3. Residence Life, the Shaha Troupe, and Social Justice Education at U Mass Amherst

Tom Wood

Our posting of 11 December (below), "Psychotherapeutic Interventions, Transformative Learning, and the Dorms of U Delaware," was the second in a series that will attempt to assess whether and to what extent U Delaware's ResLife diversity training program might be typical of programs at other universities.

"Psychotherapeutic interventions" focused on Shakti Butler, the architect of that particular program. Butler stresses the importance of transformative education, according to which the educator must focus on creating experiences that result in a "deep, structural shift in thoughts and feelings," using techniques very different from those of traditional pedagogy. In this Butler is hardly unique.
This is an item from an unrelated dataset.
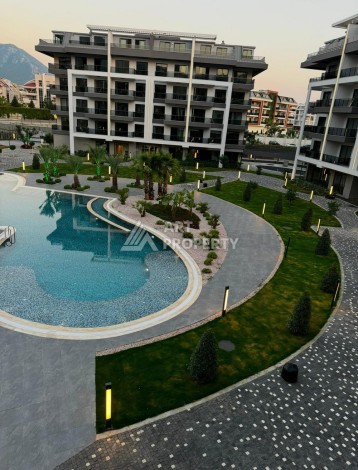 Дизайнерская квартира 1+1 в элитной резиденции, 55 кв.м. Оба, Алания - Ракурс 23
She is instead representative of a very widespread trend in higher education (called "living-learning"), in which experience-based, non-traditional forms of learning are used to blur and even erase the lines between classroom learning and residential life.
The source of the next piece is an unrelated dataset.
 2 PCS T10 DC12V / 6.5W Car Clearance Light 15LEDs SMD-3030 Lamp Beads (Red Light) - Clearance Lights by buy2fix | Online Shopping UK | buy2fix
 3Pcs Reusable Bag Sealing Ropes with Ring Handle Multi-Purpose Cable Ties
Since this pedagogy is new and will likely appear quite alien to those who are familiar only with the traditional, pre-postmodern one, it is best to cite some specific examples. In this posting, we begin with UMass Amherst. At UMass, the new pedagogy is well represented in the school of education and in residence life programs. Even more interestingly, UMass Amherst has to a great extent integrated the two.



At U Mass, the principal interface is a program called "Shaha." (Who knows what "Shaha" means? The web site does not say.) Shaha's program description is found in the Housing and Residence Life section of the university's web site. The site makes it very hard to discern exactly how the Shaha troupe is supported and organized. However, something like an organization chart can be constructed after considerable effort has been expended on mastering the Byzantine, and apparently unplanned, complexities of the heavily-interlinked pages that pop up from searching "Shaha" on the UMass site.
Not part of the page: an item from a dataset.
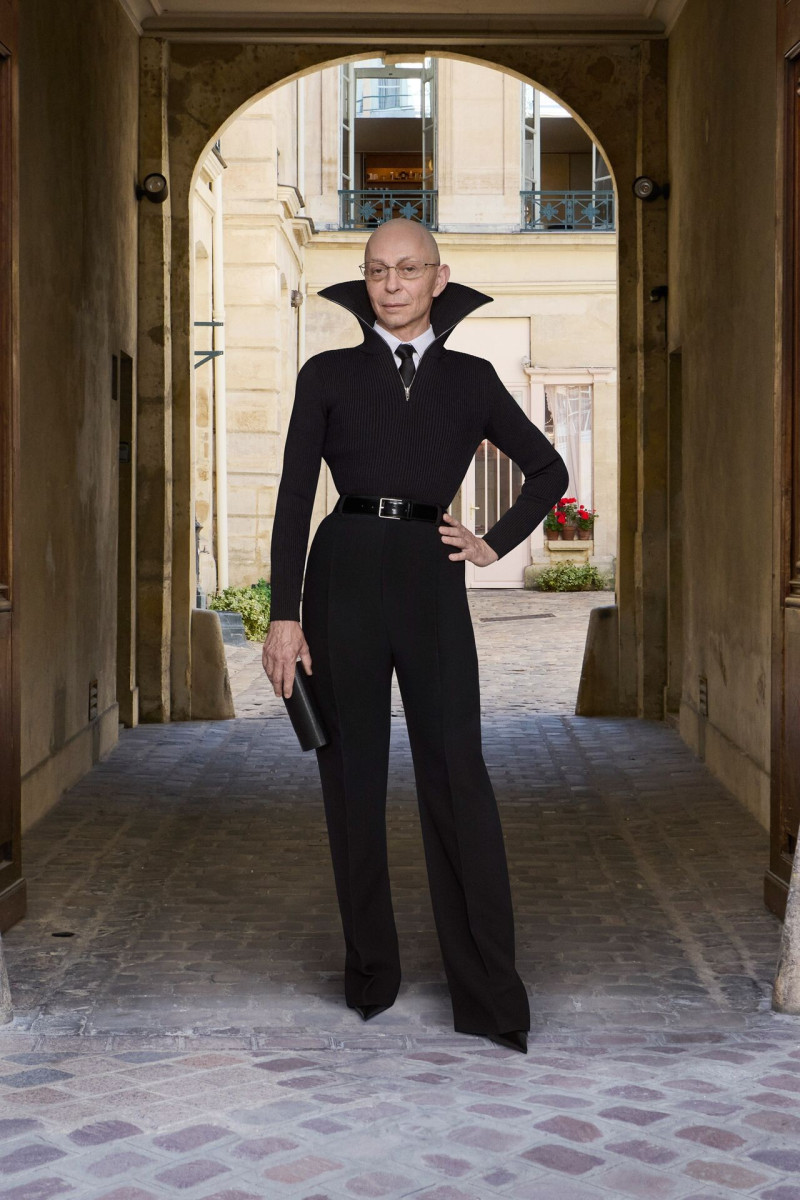 Agel Akol featured in  the Balenciaga advertisement for Autumn/Winter 2025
The Office of Housing and Residence Life (HRL) at the University supports something called the Residence Life Resource Center (RLRC). (This was formerly called the Center for Diversity and Development.) According to the Housing and Residence Life's "RA/ALA Online Manual," the RLRC is a "resource center for Residence Life staff and residential student leaders in their efforts to promote community, diversity, leadership and student development within the residence hall communities." It has "staff development tools (games, stress relief toys), bulletin board kits, an Ellison letter press, poster making supplies, computer and color printer, button maker, label maker and a black and white copier" that are among the "many resources available to staff and student leaders."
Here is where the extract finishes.